4
votes

I have the following grammar:

rule: 'aaa' | 'a' 'a';

It can successfully parse the string 'aaa', but it fails to parse 'aa' with the following error:

line 1:2 mismatched character '<EOF>' expecting 'a'

FYI, it is the lexer's problem not the parser's because I don't even call the parser. The main function looks like:

@members {
  public static void main(String[] args) throws Exception {
    RecipeLexer lexer = new RecipeLexer(new ANTLRInputStream(System.in));
    for (Token t = lexer.nextToken(); t.getType() != EOF; t = lexer.nextToken())
      System.out.println(t.getType());
  }
}

The result is the same with the more obvious version:

rule: AAA | A A;
AAA: 'aaa';
A: 'a';

Obviously the ANTLR lexer tries to match the input 'aa' with the rule AAA which fails.
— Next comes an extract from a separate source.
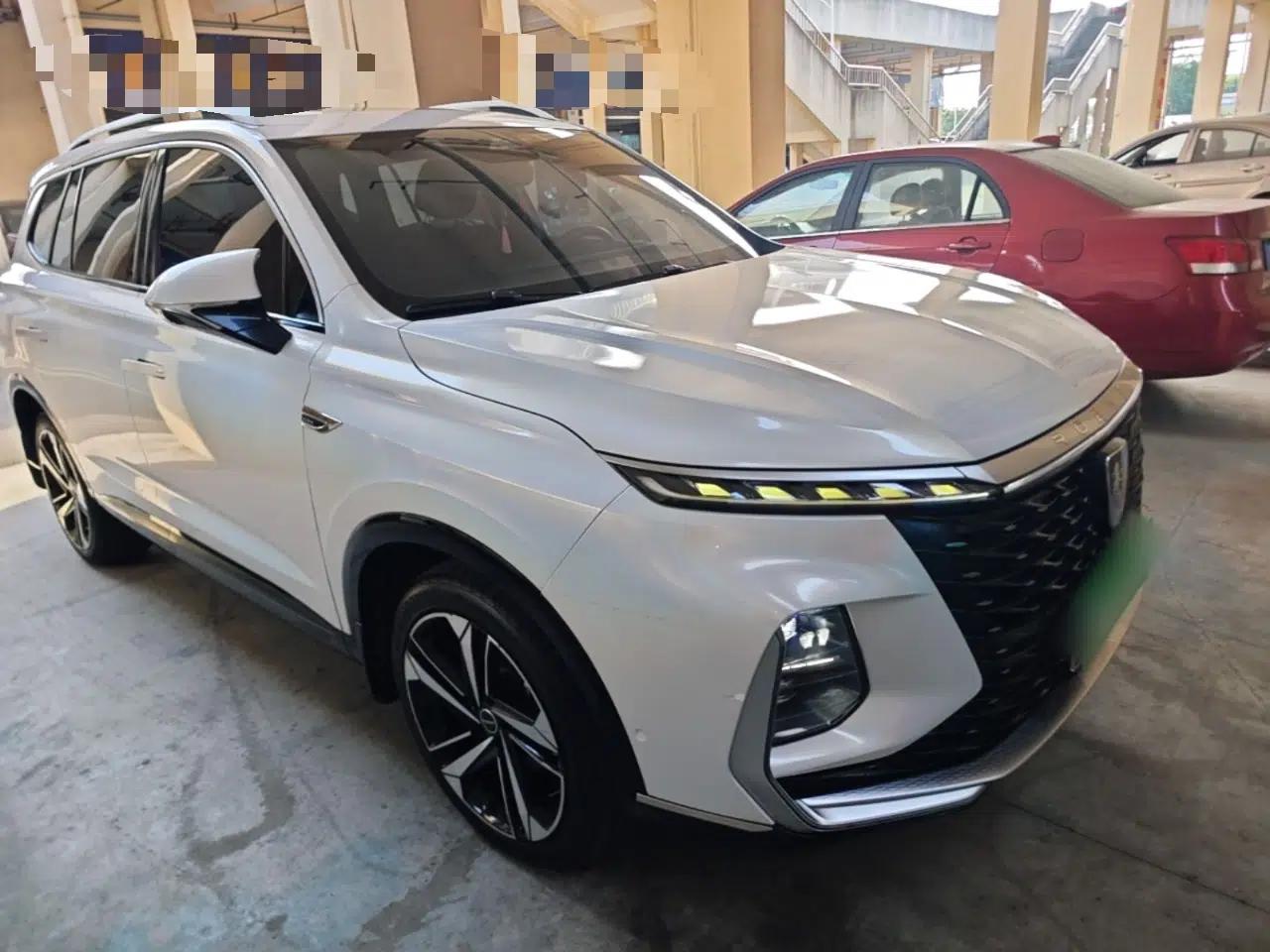 Roewe RX5 MAX 2022 2.0T Automatic Youwei Supreme Edition — миниатюра 3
Apart from that ANTLR is an LL(*) parser or whatever, the lexer should work separately from the parser and it should be able to resolve ambiguity. The grammar works fine with the good old lex(or flex) but it doesn't seem with ANTLR. So what is the problem here?

Thanks for the help!

1
How are the tokens defined in your lexer? Looks to me that the lexer is preferring to match for a instead of aaa given a single a as input. - Dervall
@Dervall The token file looks like: A=4 AAA=5 It prefers aaa to a. And it can parse aaa and a but not aa. - K J
@AustinHenley: Yes, it is greedy in the sense that it prefers longer tokens when there are multiple choices. But with the input 'aa', 'aaa' is not even a possible choice. - K J
Check out this incredibly detailed yet easy to follow page: wincent.com/wiki/ANTLR_lexers_in_depth. It helped me a lot to understand the ANTLR Lexer quirks. Especially the ".+ and .* default to non-greedy behaviour" is quite surprising! - TFuto

1 Answers

6
votes

ANTLR's generated parsers are (or can be) LL(*), not its lexers.

When the lexer sees the input "aa", it tries to match token AAA. When it fails to do so, it tries to match any other token that also matches "aa" (the lexer does not backtrack to match A!). Since this is not possible, an error is produced.

This is usually not a problem, since in practice, there's often some sort of identifier rule "aa" can fall back to. So, what actual problem are you trying solve, or were you only curious of the inner workings? If it's the first, please edit your question and describe your actual problem.